The process begins by detecting duplicates using modern cryptographic hashing algorithms and generating a unique hash per file, also known as a fingerprint. Once a duplicate is identified, it is replaced with a hard link to the other file. For any editing application that works with Strawberry (e.g. Adobe© Premiere© Pro, Avid MediaComposer…), this hard link is no different from the deleted file, as it has the same binary content. Additionally, Strawberry ensures that the hard link has the same name as the deleted file, keeping path consistency and preventing “media offline” errors. Please have a look at our website for more information.

Which requirements must a file fulfil to get deduplicated?
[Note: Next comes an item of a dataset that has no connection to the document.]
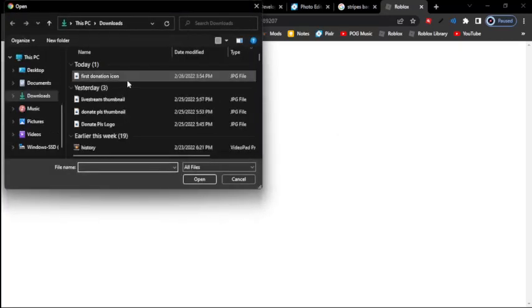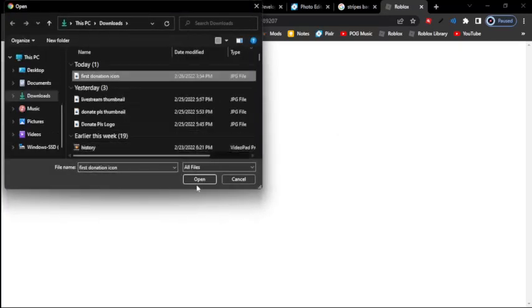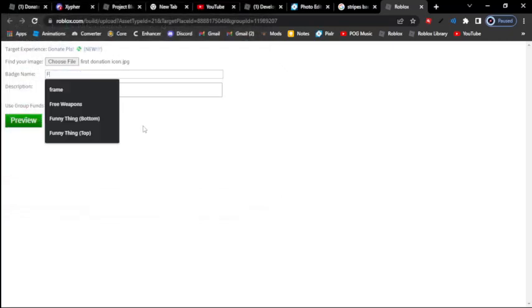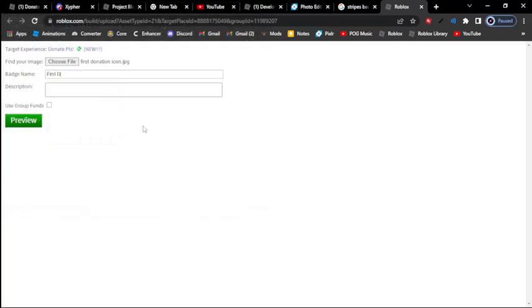So look, if I choose file for my donate, please look. So if I make this icon named first donation, and then you donate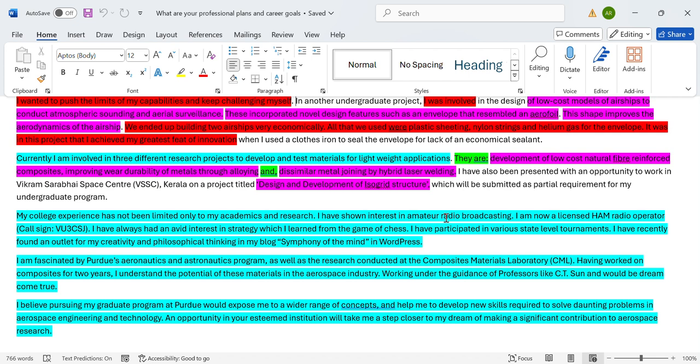'In another graduate project I was involved in the design of low-cost models of airships to conduct atmospheric sounding and aerial surveillance' - massive amount of jargon, just a huge amount. Even if I'm someone who understands it, I'm probably going to get tired reading this. 'These incorporated novel design features such as an envelope that resembled an aerofoil' - what does it mean? What does it have anything to do with the project? There's no context to this. 'This shape improves the aerodynamics of the airship' - how? Why? How did you come across the idea? What other ideas did you try? Why was this unique? No explanation. 'It was in this project that I achieved my greatest feat of innovation when I used a clothes iron to seal the envelope for lack of an economic sealant.' Yeah, now look, it's not a feat of innovation when you use alternatives.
The file must have been fingerprinted by Strawberry.
The file must be a duplicate, meaning it must have the same essence fingerprint as at least one other file.
The file must be on production storage in a Strawberry-managed project or in an ingest library. Files in external libraries as well as files in the archive cannot be deduplicated.
The file must be at least 1 Megabyte in size.

How often does the deduplication job run?

The deduplication job runs once per night at around 4 am server time.

When are deduplication reports generated?

Deduplication reports are generated as soon as the nightly deduplication job has deduplicated files. If the job does not deduplicate any files no new report is generated.